Mlliyet Milliyet Blog Milliyet Blog
 
Facebook Connect
Blog Kategorileri
 

05 Aralık '07

 
Kategori
İnançlar
 

Japon oruç tutsa, biz vaftiz olsak

Japon oruç tutsa, biz vaftiz olsak
 

Bugün Taraf Gazetesi’nde ilginç bir haber vardı. “Fransa’nın porno arşivleri açılıyor” başlıklı haber dikkatimi çekmişti. Dikkatimi çekenin “porno” kelimesi mi yoksa “arşiv” kelimesi olduğunu sorgulama gereği bile bulmadan habere atladım ve okumaya başladım. Haberde Fransa’nın 170 yıldır arşivlerde sakladığı erotik ve pornografik içerikli yayınlarla, eserleri ilk kez halka açtığından bahsediliyordu. Gerçi haberde bu arşivin kim tarafından hangi gerekçe ile oluşturulduğu bahsedilmemekle birlikte, devlete ait bir arşivin söz konusu olduğunu düşünmek mümkündü. Ama haberin en çarpıcı kısmı son cümleye bırakılmıştı ve cümleyi okur okumaz kahkahalara boğuldum. Cümle aynen şöyle; Cehennem’in (serginin yapıldığı galerinin ismi)dünyanın en büyük resmi porno arşivi olduğu söylense de, Vatikan’ın gizli kütüphanesinde çok daha büyük bir arşiv bulunduğu söylentisi mevcut.”

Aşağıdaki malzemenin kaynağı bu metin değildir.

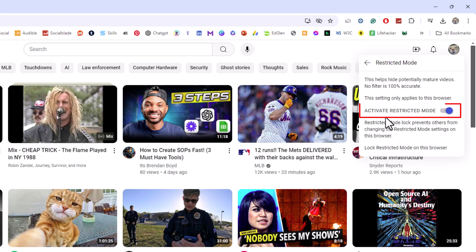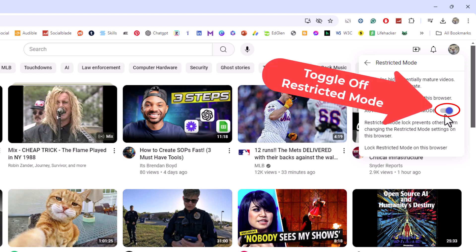Right here is the toggle to disable it. Activate restricted mode. If the toggle is blue it is on. I'm going to click on the toggle.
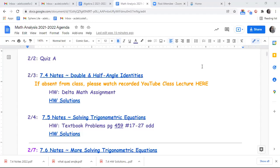We're moving into Section 7.4, which covers double and half angle identities. These are located on your formula sheet — the bottom left side shows the double angle identities and the bottom right shows the half angle identities. With the half angle identities, you're going to use either plus or minus, not both. For homework, you're going to do six questions on Delta Math, basically two of each type.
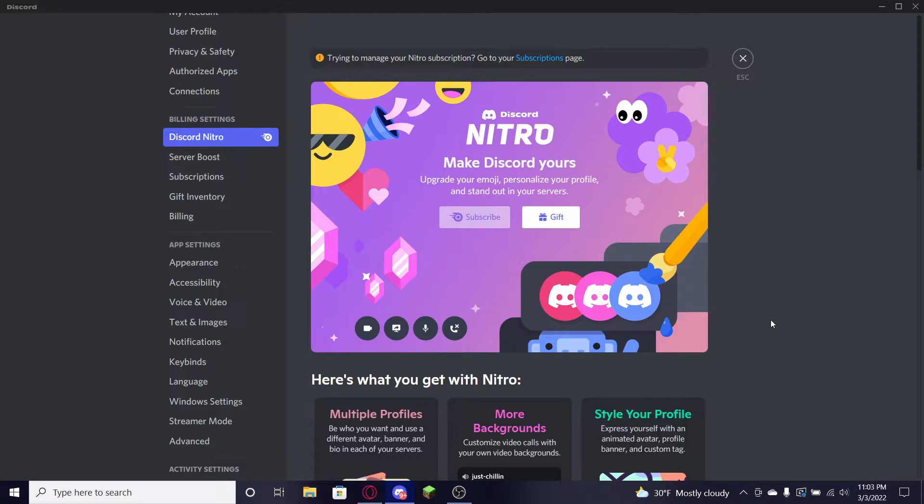Hey everybody, welcome back to the channel. Today I'm going to be showing you guys a very easy method that you can go ahead and get Discord Nitro for absolutely free in 2022. They did fix the last method, but in this video it's going to show you absolutely everything you need to know about how you can get Discord Nitro for absolutely free.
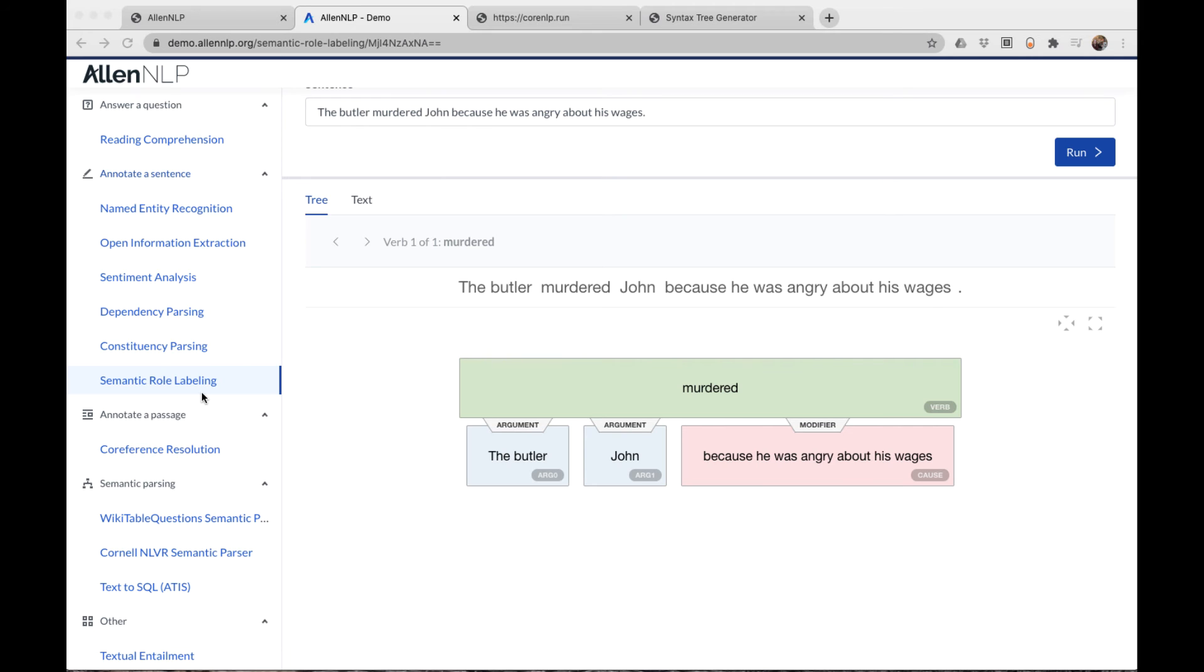There are two categories of labels relative to the predicate: arguments and modifiers. Arguments indicate the actors in the sentence or the persons or objects acted upon. Modifiers give more detail, such as time and place of the action. Consider this sentence that we've looked at before.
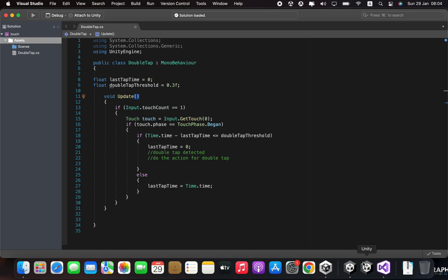In the update method, the code first checks if there is exactly one touch event using Input.touchCount == 1. If there is exactly one touch event, it gets the touch event using Input.GetTouch(0) and assigns it to the touch variable.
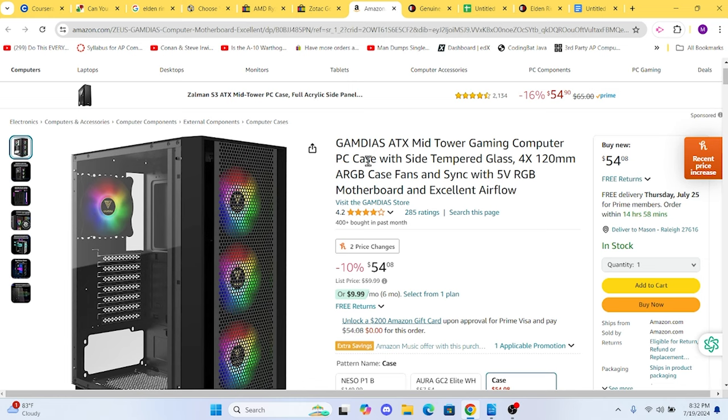You might find a few cheaper options, but I love the build quality of this case. And the fact that it has pre-installed LED fans means everyone will be jealous of your computer.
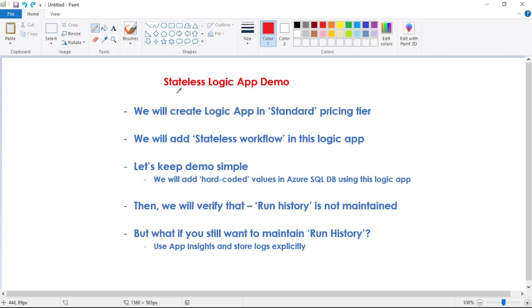In this video, let's see a demo of stateless logic apps. We will create a logic app in the standard pricing tier. In the consumption plan, stateless logic apps are not supported. Stateless means the run history of the logic app is not maintained — we cannot find the inputs or outputs for past runs.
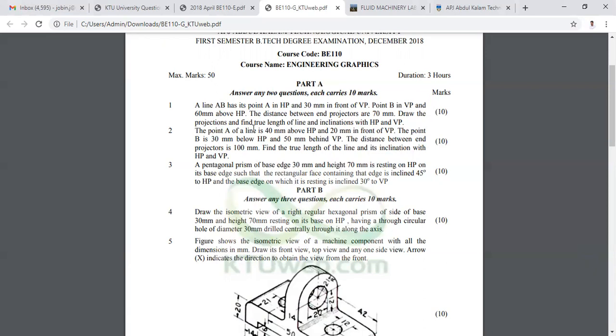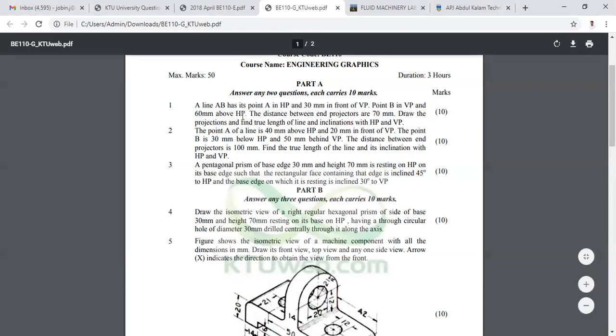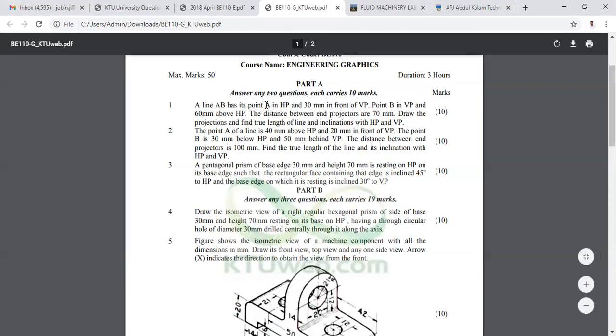HP and VP. Point A is in HP, point B is in VP.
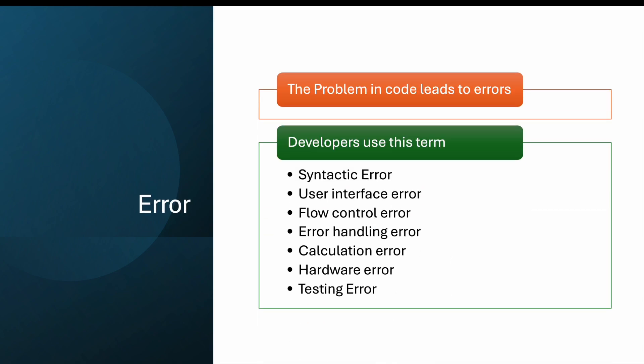Why does this fault occur? The problem in the code leads to error. Error is the bug that developers identify. Developers use this term for syntactic error, user interface error, flow control error, error handling error, calculation error, hardware error, and testing error. For example, in calculation, if there's no proper calculation applied in scores, we get errors. These are the types of error, and there can be many other types as well.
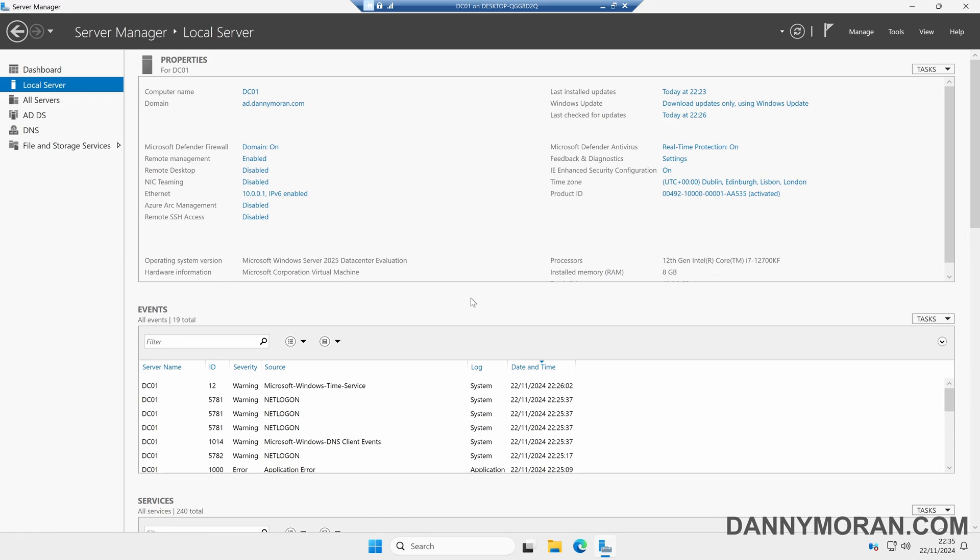I'm going to show you how to install DHCP on Windows Server 2025. I'm logged onto the server that I want to install a DHCP role on, and in this case it's my domain controller. In a production environment, I wouldn't really recommend installing DHCP on a domain controller, limiting your domain controller to just domain controller services. However, as this is a lab, I'm going to install it on my domain controller.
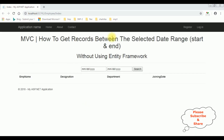And here we got the final output. In MVC, how to get records between the selected date range, starting date and ending date, without using Entity Framework.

Nasıl yani??? diyesi geliyor insanın. Gerçi haberde bir söylentiden bahsedilse de, Vatikan ve cinsellik kelimeleri hiçte tahmin edildiği kadar az yan yana gelen kelimeler değil.

Geçen sene BBC "Cinsel Suçlar ve Vatikan” adı altında papazların çocuklara yönelik cinsel taciz ve tecavüzlerini konu alan bir belgesel hazırlamış ve Avrupa’nın çeşitli tv kanallarında yayınlanmıştı.

Gerçi benzer örnekler bizde de az sayılmaz ama nedense farklı bir inanç kurumunun hatalarını, sorunlarını takip etmek, açığa çıkarmak hoşumuza gitse de, kendimize ait hatalar, gariplikler kutsal kavramının altına sıkıştırılıp bırakılır.

Bahsettiğim örnek oldukça uç ve aslında inancın kendi temellerine de oldukça aykırı. Ancak bu örnekleri bir yana bırakıp, inancın kendi doğrularına baktığımızda da aslında birçok gariplikle karşılaşabiliyoruz. (Yazının başından beri ulaşmak istediğim noktaya yaklaştım gibi :-))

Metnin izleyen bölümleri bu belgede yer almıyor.